1) How did you first become interested in reading Wordsworth’s poetry through the lens of music and musicality?

Growing up with fond memories of playing instruments and going to classical concerts, I have always been fascinated by the close connection between poetry and music. Among the many Romantic poets, I was particularly drawn to the works of Wordsworth, but not because he was known for his musical abilities. Quite the contrary – he was criticised by some of his contemporaries as unmusical. For example, Edward Quillinan once commented that Wordsworth was a poet who ‘had no ear for instrumental music’, and Henry Crabb Robinson even poked fun at a time when Wordsworth fell asleep at a musical party. Despite these remarks, I thought that Wordsworth’s poetry contained very impressive musical references and auditory imagery, as well as complex thematic and stylistic engagements with the music of verse.

So this made me wonder: How can we define the sense of musicality in Wordsworth’s poetry? What is the function of his musical ideas in theory and practice? How did Wordsworth transfer his understanding of formal and metrical musicality to his representations of the imaginative effects of auditory perception?
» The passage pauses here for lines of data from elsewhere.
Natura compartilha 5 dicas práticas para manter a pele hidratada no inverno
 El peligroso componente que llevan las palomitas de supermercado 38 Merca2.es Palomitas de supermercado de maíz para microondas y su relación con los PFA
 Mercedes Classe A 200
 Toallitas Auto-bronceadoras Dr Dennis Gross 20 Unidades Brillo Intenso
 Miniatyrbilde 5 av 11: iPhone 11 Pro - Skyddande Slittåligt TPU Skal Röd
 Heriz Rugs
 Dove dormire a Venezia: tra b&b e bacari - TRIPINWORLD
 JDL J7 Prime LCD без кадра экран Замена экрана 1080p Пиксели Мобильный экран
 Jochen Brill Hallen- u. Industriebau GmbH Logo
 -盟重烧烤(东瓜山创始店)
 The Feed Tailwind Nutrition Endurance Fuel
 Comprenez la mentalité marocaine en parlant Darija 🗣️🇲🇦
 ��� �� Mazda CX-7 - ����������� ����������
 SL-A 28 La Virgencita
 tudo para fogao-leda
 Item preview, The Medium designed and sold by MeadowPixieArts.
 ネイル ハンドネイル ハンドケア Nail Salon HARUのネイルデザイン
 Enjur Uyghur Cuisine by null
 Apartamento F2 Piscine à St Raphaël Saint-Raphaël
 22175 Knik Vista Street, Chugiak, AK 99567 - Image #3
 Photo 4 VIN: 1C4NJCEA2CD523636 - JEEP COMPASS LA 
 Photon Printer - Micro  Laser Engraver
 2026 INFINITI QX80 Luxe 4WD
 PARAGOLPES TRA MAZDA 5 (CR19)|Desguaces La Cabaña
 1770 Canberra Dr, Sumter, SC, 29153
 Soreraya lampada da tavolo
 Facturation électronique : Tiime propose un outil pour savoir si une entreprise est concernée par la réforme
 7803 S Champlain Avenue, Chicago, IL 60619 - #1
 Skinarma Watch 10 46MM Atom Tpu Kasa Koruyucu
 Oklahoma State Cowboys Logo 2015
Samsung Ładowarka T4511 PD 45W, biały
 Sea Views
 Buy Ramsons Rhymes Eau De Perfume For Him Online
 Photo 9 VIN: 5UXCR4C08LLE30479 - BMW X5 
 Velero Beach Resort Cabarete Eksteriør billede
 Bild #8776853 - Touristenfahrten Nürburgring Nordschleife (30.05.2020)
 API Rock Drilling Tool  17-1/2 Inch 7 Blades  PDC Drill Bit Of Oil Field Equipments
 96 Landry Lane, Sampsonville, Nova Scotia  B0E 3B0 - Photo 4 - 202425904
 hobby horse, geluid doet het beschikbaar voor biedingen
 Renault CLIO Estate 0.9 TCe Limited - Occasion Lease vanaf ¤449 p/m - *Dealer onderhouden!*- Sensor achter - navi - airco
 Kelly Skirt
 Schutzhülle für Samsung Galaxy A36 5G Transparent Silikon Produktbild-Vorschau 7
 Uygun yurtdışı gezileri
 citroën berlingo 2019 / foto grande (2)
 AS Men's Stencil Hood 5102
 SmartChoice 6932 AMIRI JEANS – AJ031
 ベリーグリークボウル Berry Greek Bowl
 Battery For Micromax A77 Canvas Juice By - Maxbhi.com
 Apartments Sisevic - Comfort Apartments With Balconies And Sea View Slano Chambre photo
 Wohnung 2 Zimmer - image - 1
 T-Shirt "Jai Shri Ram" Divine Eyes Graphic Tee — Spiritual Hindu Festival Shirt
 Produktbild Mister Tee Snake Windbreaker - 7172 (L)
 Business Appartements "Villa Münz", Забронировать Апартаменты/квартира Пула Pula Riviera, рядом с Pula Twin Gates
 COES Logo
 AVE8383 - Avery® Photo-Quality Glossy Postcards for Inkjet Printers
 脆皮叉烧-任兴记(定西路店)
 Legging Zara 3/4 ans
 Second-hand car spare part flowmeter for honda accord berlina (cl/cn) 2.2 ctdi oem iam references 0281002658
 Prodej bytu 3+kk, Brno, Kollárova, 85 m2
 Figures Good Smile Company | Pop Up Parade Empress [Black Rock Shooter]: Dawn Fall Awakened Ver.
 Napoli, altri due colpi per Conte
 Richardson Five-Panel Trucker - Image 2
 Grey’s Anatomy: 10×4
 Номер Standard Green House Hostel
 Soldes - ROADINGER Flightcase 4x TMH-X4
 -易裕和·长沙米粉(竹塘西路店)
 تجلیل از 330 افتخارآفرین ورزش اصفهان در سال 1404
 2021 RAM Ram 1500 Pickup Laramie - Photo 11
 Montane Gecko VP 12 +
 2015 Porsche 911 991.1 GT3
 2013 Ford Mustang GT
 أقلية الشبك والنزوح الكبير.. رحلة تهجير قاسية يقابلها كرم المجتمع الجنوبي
2) In your introduction, you write that ‘The principal aim of this book is to examine Wordsworth’s unique expression of poetic harmony’.  How did you decide to place harmony at the book’s heart?

I didn’t have harmony as a central theme in mind when I first set out to write my book. However, as I delved deeper into Wordsworth’s poetic theory and practice, I found that the word kept appearing in his works, in both his prose and verse. One of the most striking examples is his representation of the poetic mind as ‘framed even like the breath / And harmony of music.’ Wordsworth also believed that ‘a pure and refined scheme of harmony’ should prevail in all ‘higher poetry’. In ‘the music of harmonious metrical language’, he locates ‘a complex feeling of delight’. Even in his thoughts on poetic form, harmony was a guiding principle. Wordsworth looked to ‘the dignified simplicity and majestic harmony’ of Milton’s sonnets as a model for his private reflection and public preoccupations.

This idea of harmony extends beyond just the sound of the words themselves. The complex and multifarious connotations of the term take my reading of Wordsworth’s formal musicality and sound imagery to a more philosophical level. Rather than simply viewing his auditory poetics as the sounding of words or reading through the lens of metrical appreciation, I explore how Wordsworth carefully crafted his musical language and metaphors as a tool for expressing his theory of the imagination and the function of poetry, as well as his views on life, nature, and humanity.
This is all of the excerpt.